At issue are serious symptoms caused by ACE-inhibitor-induced angioedema. The drug studied is Icatibant (brand name Firazyr), but its only approved application at present is for Hereditary Angioneurotic Edema, or HAE — a rare, but significant disease.

People with HAE suffer repeated bouts of swelling (angioedema) of different body parts, from lips and tongue to throat and even the intestines. The attacks can be severe and occasionally life-threatening when the airway is compromised. They are caused by the build-up and release of bradykinin, a powerful vasodilator. Icatibant works by blocking the tissue receptor where bradykinin exerts its mischief.

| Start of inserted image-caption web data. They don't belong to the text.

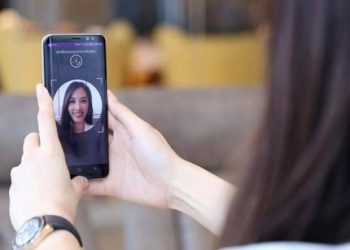 Ngành ngân hàng hoàn tất đối chiếu sinh trắc học toàn bộ tài khoản số
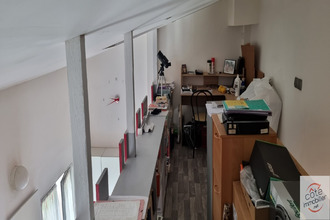 achat maison cachan 94230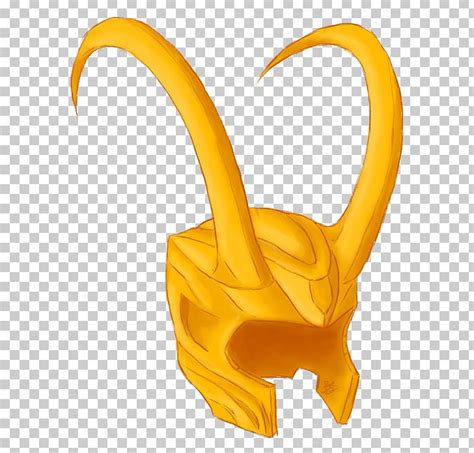 Motorcycle helmet drawing at getdrawings. How To Draw Lokis Helmet Step By Step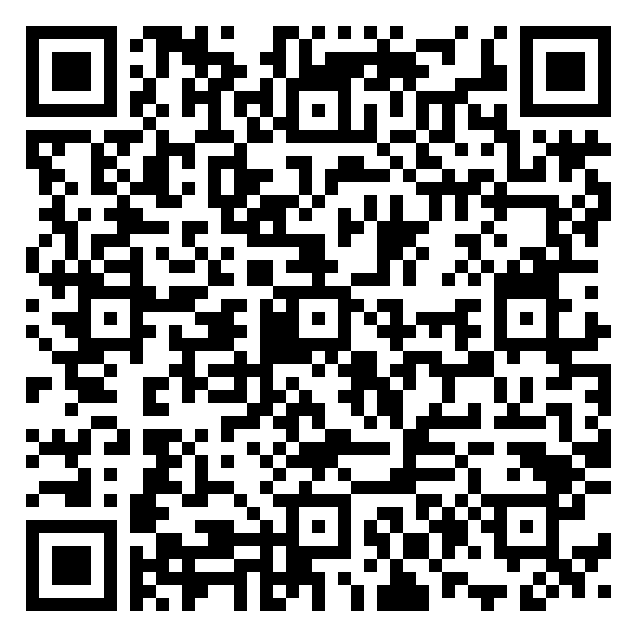 kod QR z danymi kontaktowymi 10028023200000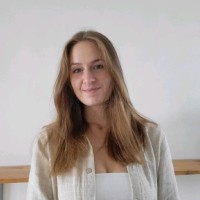 Lisa Hert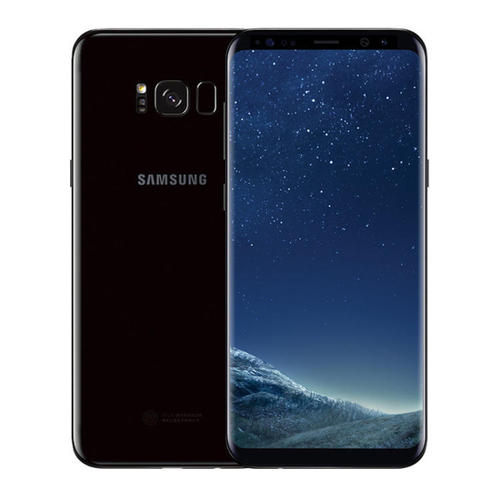 三星Galaxy S8和Galaxy S8智能手机将于3月29日星期三发布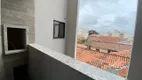 Foto 13 de Apartamento com 3 Quartos à venda, 76m² em Boneca do Iguaçu, São José dos Pinhais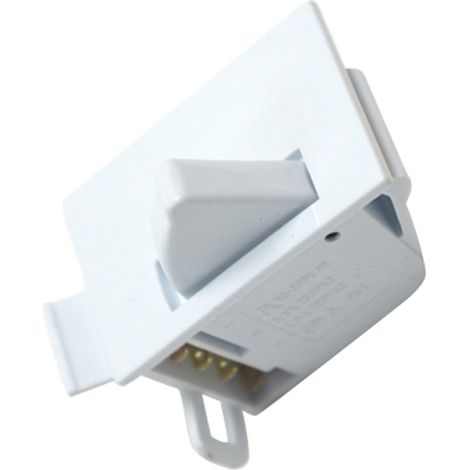 Interruptor DA34-00041A SAMSUNG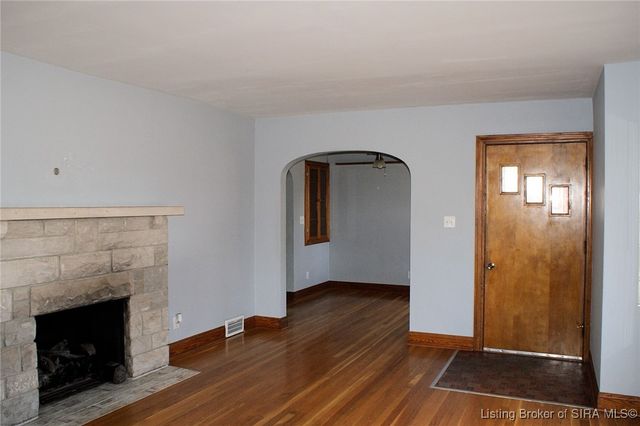 237 Indianola Street, Sellersburg, IN 47172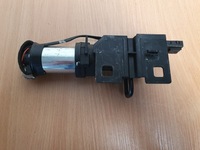 фото thumb №8, Замок крышки задняя 82800515 renault vel satis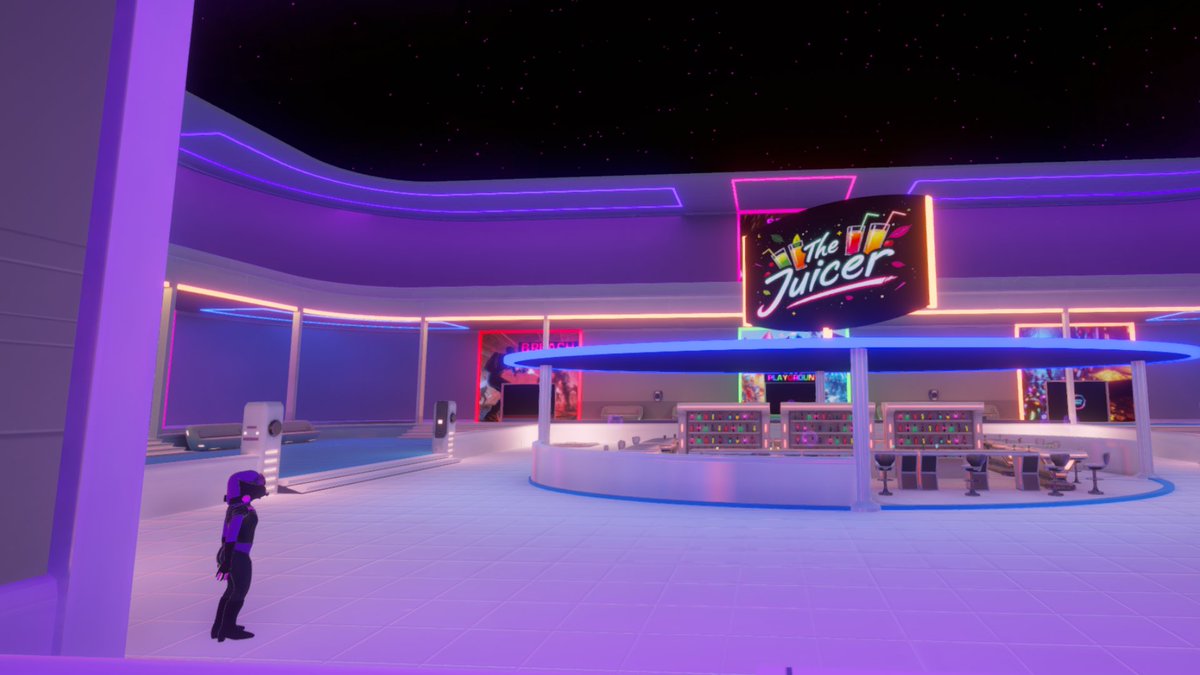 cc76288's tweet image. Exciting things are going on in The Confluence ! Core collections are climbing the Polygon Gaming ladder at Opensea. I wonder why ? Could it be our recently updated Mobile game #DragonWorld #SmashIt  or our just released #SimSuiteVR games, maybe our #SimSuitePC  games, or it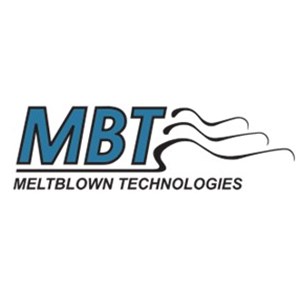 Photo of Meltblown Technologies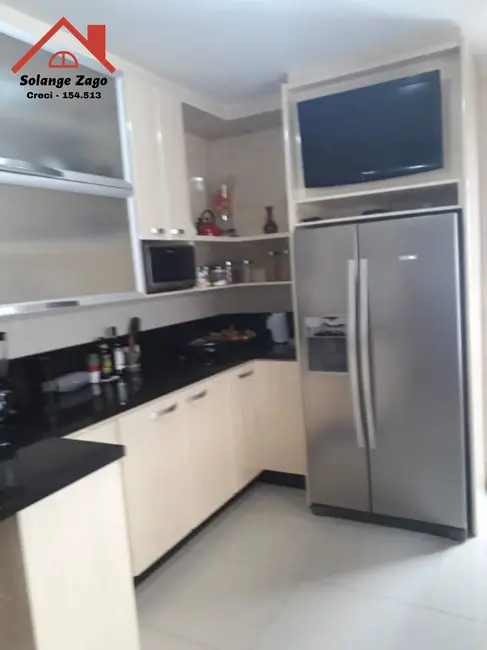 Casa com 4 quartos à venda, 160m2 em Chácara Nossa Senhora do Bom Conselho, São Paulo - SP - imagem 2 Foto 2 de Casa com 4 quartos à venda, 160m2 em Chácara Nossa Senhora do Bom Conselho, São Paulo - SP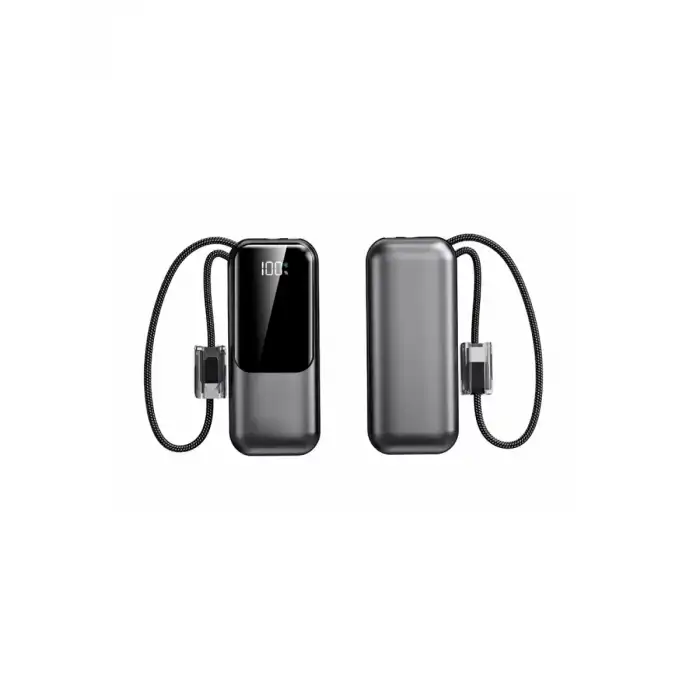 AsilTech PW592 13000MAH POWERBANK
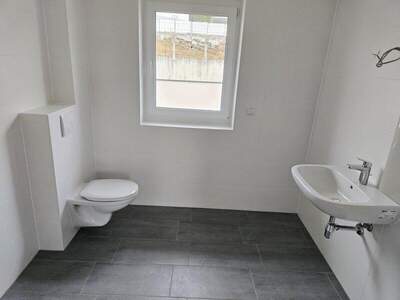 Wohnung mieten in 8200 Brodersdorf (Bild 4)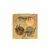 Paleta de Sombras Hey You Cor 01 - Pink 21 (CS4905)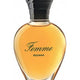 Femme by Rochas - Parfum Gallerie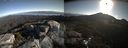 ./images/calvert/buxton2/20181004/buxton220181004_100951M.jpg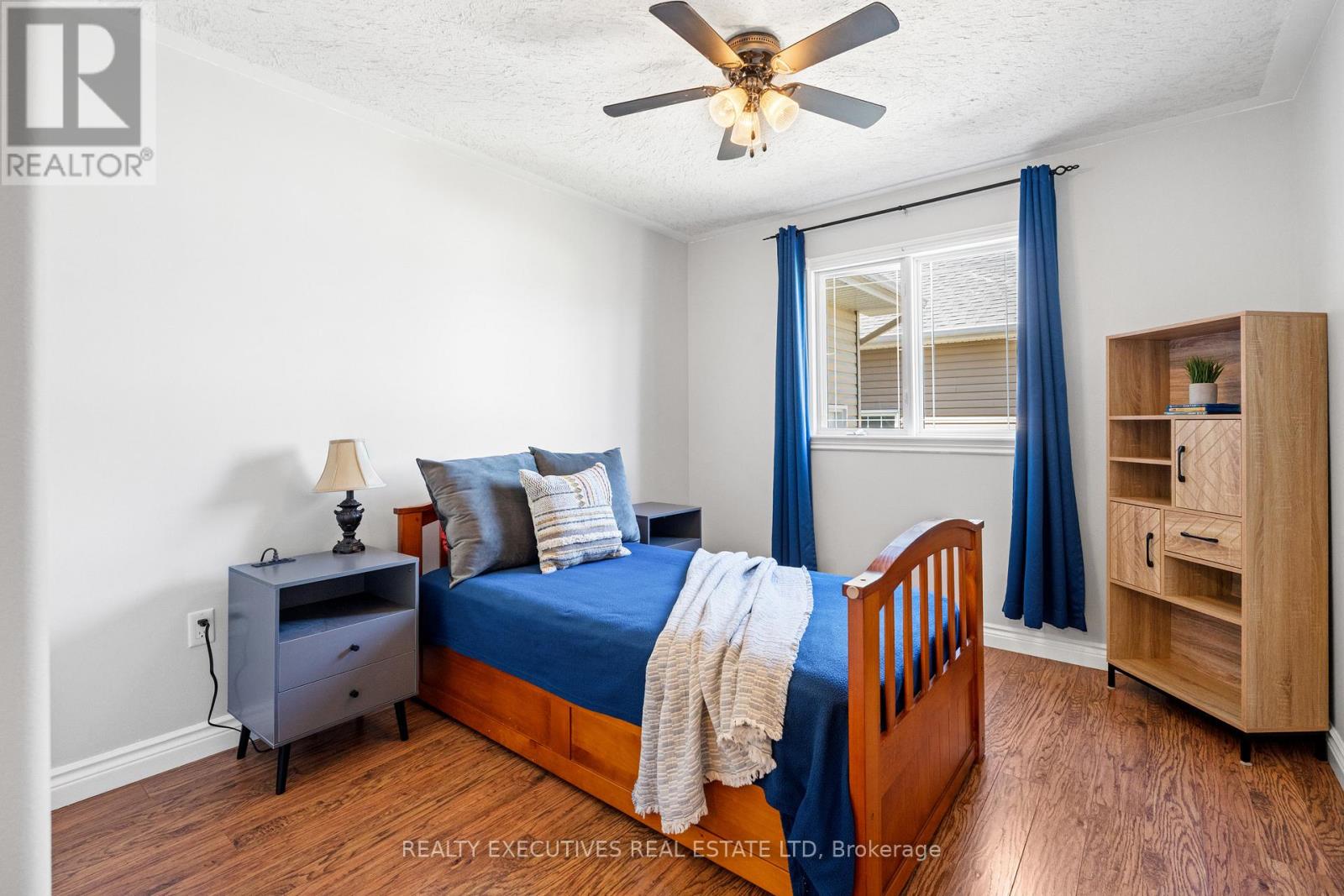 29 Christie Lane, North Dundas, Ontario  K0C 2K0 - Photo 16 - X13065446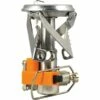 JetBoil MightyMo Cooking Stove
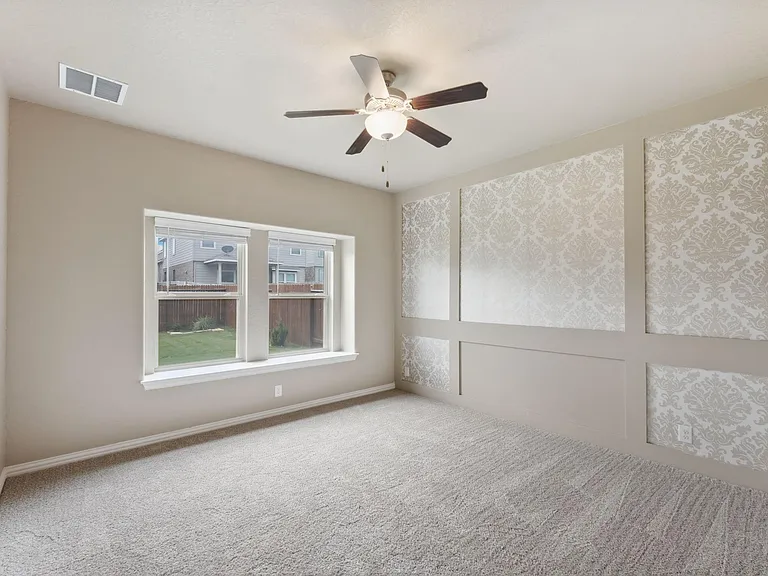 2013 Flametree Ave — Photo 10
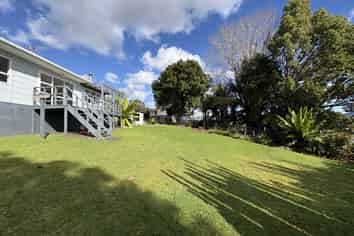 47 Old Onerahi Road, Onerahi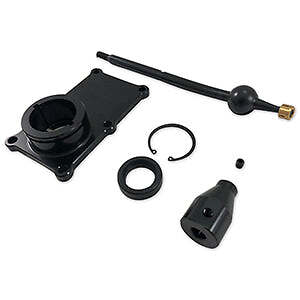 Gktech s13 s14 - gktech, s13/s14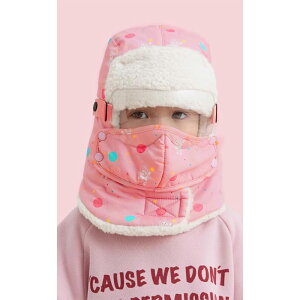 Xq LbY qp ~p tCgLbv ӂӂ  pCbgLbv C[tbv S[O }XNt tFCXJo[ tFCX}XN ĕt ۉ ct H~ L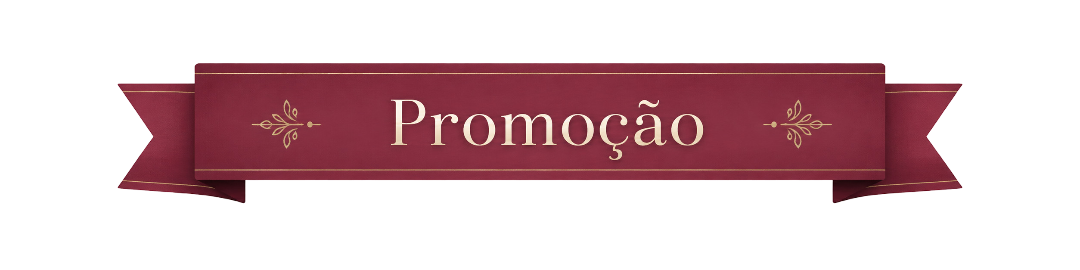 Promoção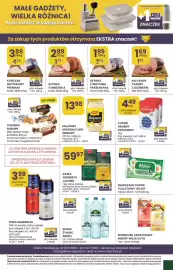 Stokrotka Market gazetka tydzień 28 Strona 13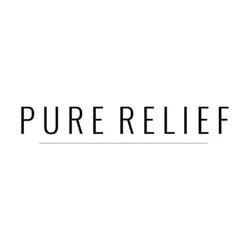 purerelief.com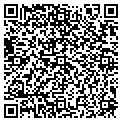 QR code with Zadig contacts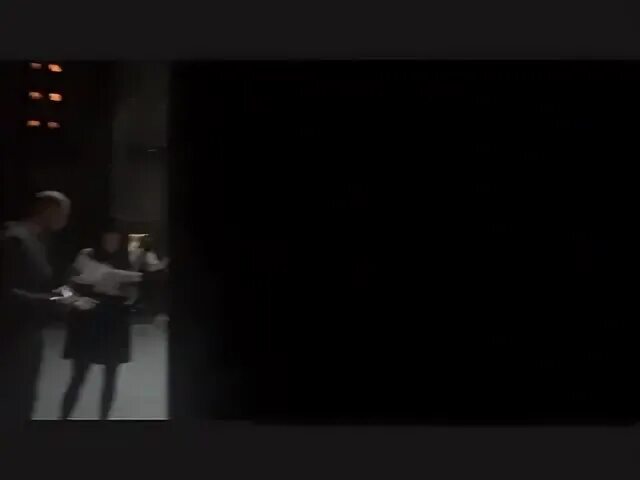 Трансляция дк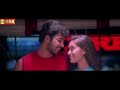 Chellame Chellam Remastered Album 2002 Hariharan Shreya Ghosal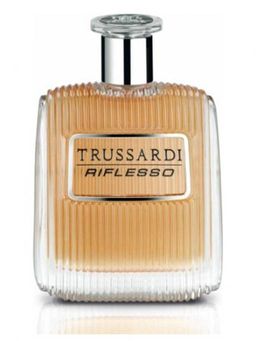 TRUSSARDI RIFLESSO men 30ml edt  фото 3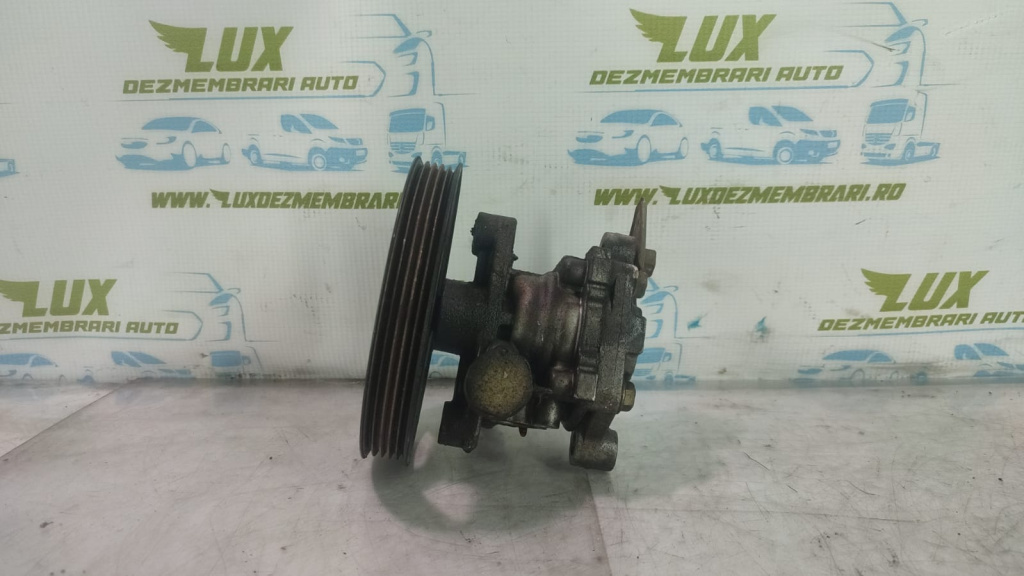 Pompa servodirectie Mitsubishi Lancer IX [2000 - 2005]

Not so rare is ACE-inhibitor-induced angioedema, which also occurs because of a build-up and release of bradykinin. Unlike HAE in which any part of the body is susceptible to swelling, ACE angioedema tends to occur primarily around the head and neck — lips, tongue, face, palate and throat.

Also unlike HAE which is caused by a genetic deficiency in an enzyme, ACE angioedema is caused in susceptible individuals by the medications called ACE-inhibitors, which are antihypertensives. At the current time the only FDA-approved use of Icatibant is in HAE; therefore, using it in ACE-angioedema would be an “off-label” use.

Which comes around to the crazy world of insurance. At this point insurance carriers will only cover the cost (roughly $8,000 per dose) for people with HAE. Hopefully, this research study will change things, as ACE-angioedema is a common reason for emergency room visits.